Effective Tips on How to become an Informal leader
Following are the best practice you can follow to become an informal leader for the success of your entire organization;
1) Improve your reputation
Your colleagues might not know much about you when you start to lead informally. One way to change this is to try and build a “good name.”
Have high standards for working quality and quantity, punctuality, having a helpful attitude, being practical in the office, and being available when colleagues need your support. This will build up the informal leader reputation you want to have.
2) Learn more about people in your office
To earn trust with some colleagues, help them out without expecting anything in return—be generous. However, some people might be more hesitant than others at first, so take things slowly with these people. Make sure each person feels respected and valued and focuses on what they can do for their team rather than how to get something from them.
Informal leaders put care into choosing the right words to fit situations, and it’s not enough to show kindness by holding a door open or helping a colleague who is struggling—take time to think about how your actions impact other people and the best way to approach a situation.
3) Lead with empathy
Informal leaders can be creative about building unity in their team, leading by example and encouraging others to support each other rather than competing for promotion. This can be done through casual chats, getting to know your colleagues better so that you understand them better too—everyone is different!
4) Stay focused
To be an effective informal leader, you need to stay focused on your goals and objectives. This means setting priorities and making decisions that will benefit the team. You also need to be consistent with your actions and lead by example. If you start making exceptions or wavering in your commitment, people will lose trust in you.
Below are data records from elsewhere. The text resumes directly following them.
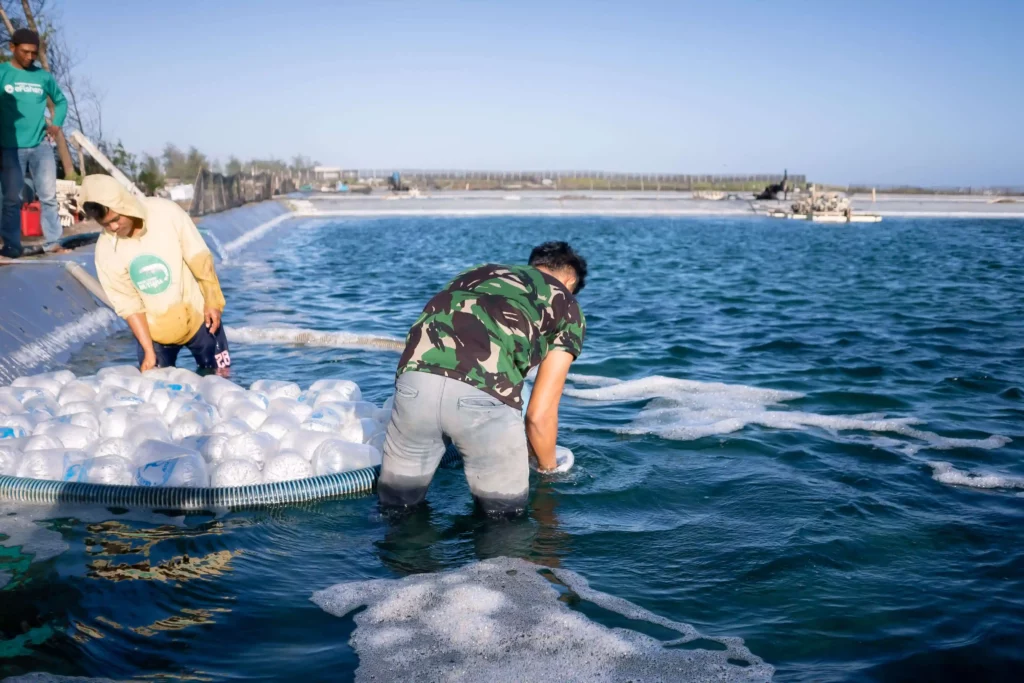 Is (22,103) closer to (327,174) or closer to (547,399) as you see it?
(547,399)

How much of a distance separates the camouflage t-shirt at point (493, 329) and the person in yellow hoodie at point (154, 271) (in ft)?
10.6

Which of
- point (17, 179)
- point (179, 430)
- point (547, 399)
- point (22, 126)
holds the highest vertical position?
point (22, 126)

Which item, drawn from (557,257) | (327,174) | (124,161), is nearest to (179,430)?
(557,257)

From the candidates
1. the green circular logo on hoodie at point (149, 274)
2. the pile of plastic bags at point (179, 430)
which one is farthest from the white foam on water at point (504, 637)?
the green circular logo on hoodie at point (149, 274)

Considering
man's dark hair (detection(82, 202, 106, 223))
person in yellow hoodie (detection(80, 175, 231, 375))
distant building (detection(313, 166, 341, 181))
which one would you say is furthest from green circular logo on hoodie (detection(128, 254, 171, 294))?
distant building (detection(313, 166, 341, 181))

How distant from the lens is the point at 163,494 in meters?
4.75

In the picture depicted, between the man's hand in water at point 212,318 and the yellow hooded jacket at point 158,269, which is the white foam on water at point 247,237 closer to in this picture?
the man's hand in water at point 212,318

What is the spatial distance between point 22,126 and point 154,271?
175 inches

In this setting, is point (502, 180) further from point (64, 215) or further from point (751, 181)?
point (64, 215)

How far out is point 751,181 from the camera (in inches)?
3745

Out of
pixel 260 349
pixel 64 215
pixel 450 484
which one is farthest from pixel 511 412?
pixel 64 215

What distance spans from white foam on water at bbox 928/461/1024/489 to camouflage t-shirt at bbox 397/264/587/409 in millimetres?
3014

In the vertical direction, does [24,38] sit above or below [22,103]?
above

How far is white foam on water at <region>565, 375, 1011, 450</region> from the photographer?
6.73 meters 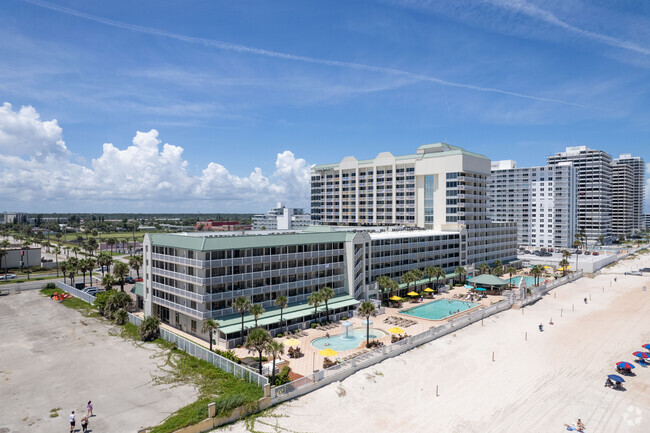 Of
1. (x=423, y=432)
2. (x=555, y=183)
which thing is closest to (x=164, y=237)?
(x=423, y=432)

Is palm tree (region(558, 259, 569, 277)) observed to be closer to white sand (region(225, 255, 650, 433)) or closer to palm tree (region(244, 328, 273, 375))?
white sand (region(225, 255, 650, 433))

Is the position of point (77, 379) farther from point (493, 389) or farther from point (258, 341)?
point (493, 389)

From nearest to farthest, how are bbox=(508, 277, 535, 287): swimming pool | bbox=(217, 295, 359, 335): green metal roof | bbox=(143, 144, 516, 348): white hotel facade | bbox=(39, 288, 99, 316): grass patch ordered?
bbox=(217, 295, 359, 335): green metal roof < bbox=(143, 144, 516, 348): white hotel facade < bbox=(39, 288, 99, 316): grass patch < bbox=(508, 277, 535, 287): swimming pool

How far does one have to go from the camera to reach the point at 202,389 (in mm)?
37062

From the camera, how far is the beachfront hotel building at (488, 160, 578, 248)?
175 meters

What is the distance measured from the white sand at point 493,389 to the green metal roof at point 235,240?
2323 cm

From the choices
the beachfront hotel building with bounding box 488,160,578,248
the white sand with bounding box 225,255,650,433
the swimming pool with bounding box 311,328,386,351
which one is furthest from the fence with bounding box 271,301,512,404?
the beachfront hotel building with bounding box 488,160,578,248

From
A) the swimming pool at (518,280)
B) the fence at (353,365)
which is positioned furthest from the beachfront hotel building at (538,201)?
the fence at (353,365)

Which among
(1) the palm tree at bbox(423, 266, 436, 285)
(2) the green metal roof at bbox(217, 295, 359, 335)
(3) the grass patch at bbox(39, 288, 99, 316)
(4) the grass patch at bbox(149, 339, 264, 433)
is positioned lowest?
(3) the grass patch at bbox(39, 288, 99, 316)

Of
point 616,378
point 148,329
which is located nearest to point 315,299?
point 148,329

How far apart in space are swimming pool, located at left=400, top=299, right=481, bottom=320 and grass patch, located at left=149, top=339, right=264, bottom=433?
37853 millimetres

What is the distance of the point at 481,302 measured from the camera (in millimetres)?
77562

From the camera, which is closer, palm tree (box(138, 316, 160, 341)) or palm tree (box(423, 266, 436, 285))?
palm tree (box(138, 316, 160, 341))

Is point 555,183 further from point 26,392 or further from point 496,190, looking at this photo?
point 26,392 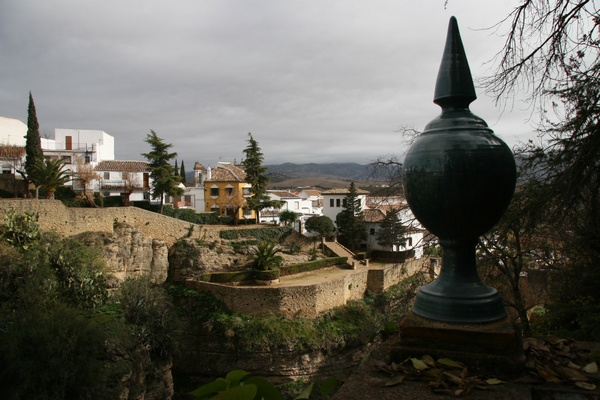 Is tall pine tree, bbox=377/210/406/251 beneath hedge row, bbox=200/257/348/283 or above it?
above

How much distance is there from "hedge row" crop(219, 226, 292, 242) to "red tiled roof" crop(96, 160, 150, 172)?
→ 9976 mm

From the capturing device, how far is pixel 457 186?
84.9 inches

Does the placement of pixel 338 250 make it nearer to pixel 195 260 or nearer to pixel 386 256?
pixel 386 256

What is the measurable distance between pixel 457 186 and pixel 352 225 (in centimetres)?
2941

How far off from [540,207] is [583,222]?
106 cm

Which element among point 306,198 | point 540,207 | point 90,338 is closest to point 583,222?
point 540,207

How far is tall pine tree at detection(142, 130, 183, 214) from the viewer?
84.4ft

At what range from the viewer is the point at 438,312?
2.32m

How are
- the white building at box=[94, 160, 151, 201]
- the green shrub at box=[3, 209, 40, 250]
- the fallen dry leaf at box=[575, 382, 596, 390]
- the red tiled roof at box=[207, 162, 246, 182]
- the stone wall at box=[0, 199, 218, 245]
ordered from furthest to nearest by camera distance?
the red tiled roof at box=[207, 162, 246, 182], the white building at box=[94, 160, 151, 201], the stone wall at box=[0, 199, 218, 245], the green shrub at box=[3, 209, 40, 250], the fallen dry leaf at box=[575, 382, 596, 390]

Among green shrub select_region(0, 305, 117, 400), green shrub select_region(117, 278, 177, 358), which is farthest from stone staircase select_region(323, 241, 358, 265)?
green shrub select_region(0, 305, 117, 400)

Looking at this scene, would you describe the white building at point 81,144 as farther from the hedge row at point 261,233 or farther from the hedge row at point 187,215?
the hedge row at point 261,233

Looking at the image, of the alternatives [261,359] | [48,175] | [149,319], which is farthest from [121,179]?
[261,359]

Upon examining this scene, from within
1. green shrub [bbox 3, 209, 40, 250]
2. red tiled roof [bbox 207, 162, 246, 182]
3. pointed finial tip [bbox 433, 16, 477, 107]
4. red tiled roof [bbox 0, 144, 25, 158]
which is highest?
red tiled roof [bbox 0, 144, 25, 158]

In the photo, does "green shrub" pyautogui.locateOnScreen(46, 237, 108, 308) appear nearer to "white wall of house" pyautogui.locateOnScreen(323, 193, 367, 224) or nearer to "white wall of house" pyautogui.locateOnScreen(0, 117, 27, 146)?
"white wall of house" pyautogui.locateOnScreen(0, 117, 27, 146) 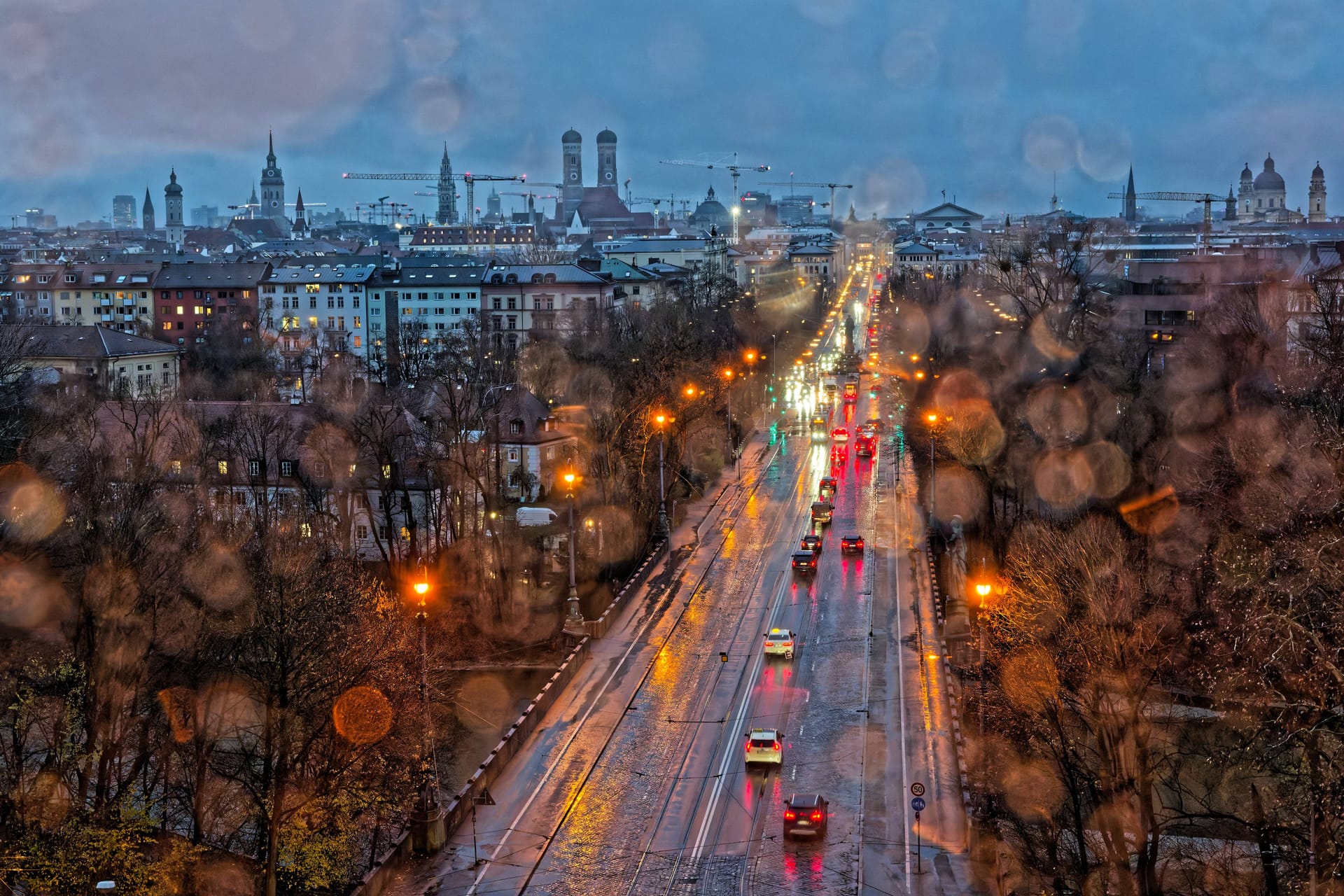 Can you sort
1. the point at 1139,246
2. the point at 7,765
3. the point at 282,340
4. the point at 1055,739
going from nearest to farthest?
the point at 7,765 < the point at 1055,739 < the point at 282,340 < the point at 1139,246

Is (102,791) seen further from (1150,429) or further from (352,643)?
(1150,429)

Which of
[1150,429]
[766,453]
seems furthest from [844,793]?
[766,453]

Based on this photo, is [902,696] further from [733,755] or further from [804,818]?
[804,818]

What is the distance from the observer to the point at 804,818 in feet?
61.1

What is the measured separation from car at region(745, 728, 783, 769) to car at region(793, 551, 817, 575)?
12.7 m

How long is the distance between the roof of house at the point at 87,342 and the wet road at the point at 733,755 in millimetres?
40662

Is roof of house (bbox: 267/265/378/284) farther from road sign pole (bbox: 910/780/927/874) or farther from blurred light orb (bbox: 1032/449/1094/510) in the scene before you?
road sign pole (bbox: 910/780/927/874)

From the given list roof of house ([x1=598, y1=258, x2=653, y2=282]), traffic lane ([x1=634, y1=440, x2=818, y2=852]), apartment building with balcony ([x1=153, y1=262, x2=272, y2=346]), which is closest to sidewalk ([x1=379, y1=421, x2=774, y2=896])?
traffic lane ([x1=634, y1=440, x2=818, y2=852])

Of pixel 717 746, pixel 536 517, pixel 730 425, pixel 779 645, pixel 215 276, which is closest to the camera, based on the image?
pixel 717 746

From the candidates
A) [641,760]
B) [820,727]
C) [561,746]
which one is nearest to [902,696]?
[820,727]

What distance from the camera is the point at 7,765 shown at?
62.7 feet

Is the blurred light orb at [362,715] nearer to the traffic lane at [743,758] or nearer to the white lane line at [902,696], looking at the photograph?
the traffic lane at [743,758]

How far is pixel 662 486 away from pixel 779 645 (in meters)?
12.6

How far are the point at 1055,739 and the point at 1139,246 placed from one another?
97705mm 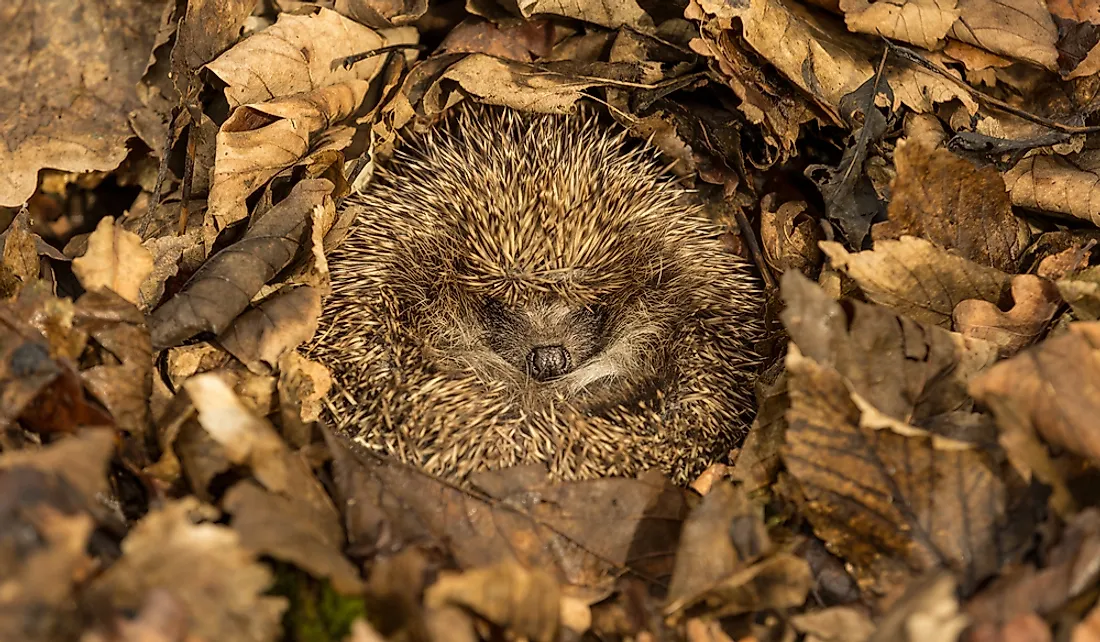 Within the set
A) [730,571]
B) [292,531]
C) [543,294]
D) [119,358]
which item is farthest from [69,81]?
[730,571]

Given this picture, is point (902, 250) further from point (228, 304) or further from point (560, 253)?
point (228, 304)

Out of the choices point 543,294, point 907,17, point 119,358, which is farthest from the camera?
point 543,294

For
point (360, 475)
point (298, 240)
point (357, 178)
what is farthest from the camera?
point (357, 178)

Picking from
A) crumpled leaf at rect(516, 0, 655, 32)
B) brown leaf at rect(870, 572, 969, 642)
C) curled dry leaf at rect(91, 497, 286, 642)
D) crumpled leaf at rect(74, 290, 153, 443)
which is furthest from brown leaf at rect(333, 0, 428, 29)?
brown leaf at rect(870, 572, 969, 642)

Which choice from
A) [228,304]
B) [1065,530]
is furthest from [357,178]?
[1065,530]

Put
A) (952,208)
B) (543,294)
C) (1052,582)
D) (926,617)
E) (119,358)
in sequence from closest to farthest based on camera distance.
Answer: (926,617), (1052,582), (119,358), (952,208), (543,294)

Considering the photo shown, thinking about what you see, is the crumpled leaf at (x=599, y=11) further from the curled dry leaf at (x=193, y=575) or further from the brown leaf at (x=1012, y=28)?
the curled dry leaf at (x=193, y=575)

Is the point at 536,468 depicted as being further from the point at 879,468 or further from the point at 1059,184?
the point at 1059,184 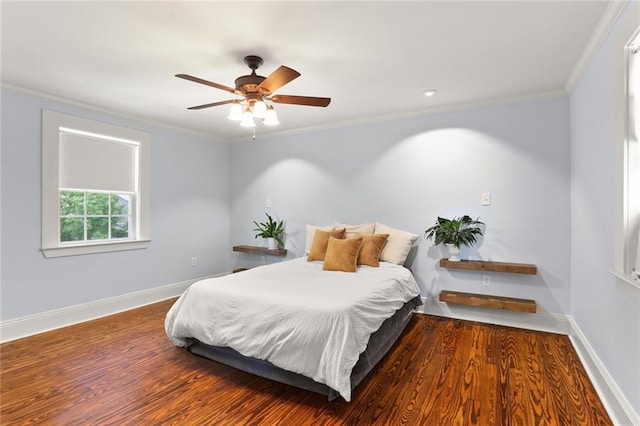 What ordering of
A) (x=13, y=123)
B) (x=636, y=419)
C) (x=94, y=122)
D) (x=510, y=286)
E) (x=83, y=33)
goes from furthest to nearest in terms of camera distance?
(x=94, y=122) → (x=510, y=286) → (x=13, y=123) → (x=83, y=33) → (x=636, y=419)

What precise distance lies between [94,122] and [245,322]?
3.14 m

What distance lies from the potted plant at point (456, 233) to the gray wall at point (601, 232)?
89 cm

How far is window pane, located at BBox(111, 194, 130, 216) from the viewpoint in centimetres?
405

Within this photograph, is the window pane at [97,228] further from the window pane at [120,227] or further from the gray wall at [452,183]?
the gray wall at [452,183]

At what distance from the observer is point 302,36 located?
7.32ft

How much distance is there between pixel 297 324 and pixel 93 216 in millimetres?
3193

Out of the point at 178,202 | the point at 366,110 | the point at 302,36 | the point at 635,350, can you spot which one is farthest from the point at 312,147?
the point at 635,350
5) Act as an informal leader outside of work
Make sure your actions show people what being a great partner/parent/friend looks like, too—this can also help you be an excellent informal leader in the office. For example, if you’re finding it challenging to juggle your work and personal lives, being organized so that you have time for both is something to think about.
Undoubtedly, an informal leader may have more sway over organizational members than formal leaders. However, you can still be an informal leader. The key is to develop trust and mutual respect relationships and give freedom to maintain employees’ mental health.
By being helpful and supportive, listening more than you talk, and exhibiting integrity and character, you can become known as someone people want to follow. And that can be a very powerful position to hold.